**Work to be completed**.
Begin with the first line of the entries below and reproduce each line exactly, ending with the line that holds "imagen Tutu negro con picos".

**Material for this exercise**.
-----

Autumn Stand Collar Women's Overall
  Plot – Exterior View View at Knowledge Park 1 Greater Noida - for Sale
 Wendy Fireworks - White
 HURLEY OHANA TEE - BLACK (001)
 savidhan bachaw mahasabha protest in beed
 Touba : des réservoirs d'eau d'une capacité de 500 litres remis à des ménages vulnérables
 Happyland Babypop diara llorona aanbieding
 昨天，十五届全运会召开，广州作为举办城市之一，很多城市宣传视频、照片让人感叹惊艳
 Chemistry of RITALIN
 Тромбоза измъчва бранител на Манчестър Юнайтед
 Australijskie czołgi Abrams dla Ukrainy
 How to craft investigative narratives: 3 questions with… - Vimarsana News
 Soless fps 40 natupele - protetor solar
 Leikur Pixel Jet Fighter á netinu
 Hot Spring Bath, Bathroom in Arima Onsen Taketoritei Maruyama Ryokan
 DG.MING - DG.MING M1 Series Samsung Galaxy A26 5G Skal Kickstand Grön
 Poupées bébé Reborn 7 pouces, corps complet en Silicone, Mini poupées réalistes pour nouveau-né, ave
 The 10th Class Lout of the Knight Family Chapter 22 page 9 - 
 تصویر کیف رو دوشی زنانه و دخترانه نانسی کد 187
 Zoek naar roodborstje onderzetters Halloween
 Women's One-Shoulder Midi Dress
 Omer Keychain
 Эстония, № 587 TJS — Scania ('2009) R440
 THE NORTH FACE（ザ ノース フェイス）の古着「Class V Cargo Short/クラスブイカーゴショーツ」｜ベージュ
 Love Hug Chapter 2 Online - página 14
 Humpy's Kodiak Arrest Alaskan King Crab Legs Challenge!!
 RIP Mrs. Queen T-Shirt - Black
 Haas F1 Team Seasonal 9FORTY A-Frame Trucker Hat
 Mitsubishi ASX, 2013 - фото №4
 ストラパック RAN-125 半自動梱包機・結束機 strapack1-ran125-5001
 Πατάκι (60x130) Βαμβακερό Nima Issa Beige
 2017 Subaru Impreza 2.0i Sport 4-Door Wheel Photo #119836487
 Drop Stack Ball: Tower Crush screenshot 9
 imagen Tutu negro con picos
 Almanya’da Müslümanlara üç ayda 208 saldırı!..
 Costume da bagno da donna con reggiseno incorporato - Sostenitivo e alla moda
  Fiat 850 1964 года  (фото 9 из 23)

-----

**Solution to the problem**.
Autumn Stand Collar Women's Overall
  Plot – Exterior View View at Knowledge Park 1 Greater Noida - for Sale
 Wendy Fireworks - White
 HURLEY OHANA TEE - BLACK (001)
 savidhan bachaw mahasabha protest in beed
 Touba : des réservoirs d'eau d'une capacité de 500 litres remis à des ménages vulnérables
 Happyland Babypop diara llorona aanbieding
 昨天，十五届全运会召开，广州作为举办城市之一，很多城市宣传视频、照片让人感叹惊艳
 Chemistry of RITALIN
 Тромбоза измъчва бранител на Манчестър Юнайтед
 Australijskie czołgi Abrams dla Ukrainy
 How to craft investigative narratives: 3 questions with… - Vimarsana News
 Soless fps 40 natupele - protetor solar
 Leikur Pixel Jet Fighter á netinu
 Hot Spring Bath, Bathroom in Arima Onsen Taketoritei Maruyama Ryokan
 DG.MING - DG.MING M1 Series Samsung Galaxy A26 5G Skal Kickstand Grön
 Poupées bébé Reborn 7 pouces, corps complet en Silicone, Mini poupées réalistes pour nouveau-né, ave
 The 10th Class Lout of the Knight Family Chapter 22 page 9 - 
 تصویر کیف رو دوشی زنانه و دخترانه نانسی کد 187
 Zoek naar roodborstje onderzetters Halloween
 Women's One-Shoulder Midi Dress
 Omer Keychain
 Эстония, № 587 TJS — Scania ('2009) R440
 THE NORTH FACE（ザ ノース フェイス）の古着「Class V Cargo Short/クラスブイカーゴショーツ」｜ベージュ
 Love Hug Chapter 2 Online - página 14
 Humpy's Kodiak Arrest Alaskan King Crab Legs Challenge!!
 RIP Mrs. Queen T-Shirt - Black
 Haas F1 Team Seasonal 9FORTY A-Frame Trucker Hat
 Mitsubishi ASX, 2013 - фото №4
 ストラパック RAN-125 半自動梱包機・結束機 strapack1-ran125-5001
 Πατάκι (60x130) Βαμβακερό Nima Issa Beige
 2017 Subaru Impreza 2.0i Sport 4-Door Wheel Photo #119836487
 Drop Stack Ball: Tower Crush screenshot 9
 imagen Tutu negro con picos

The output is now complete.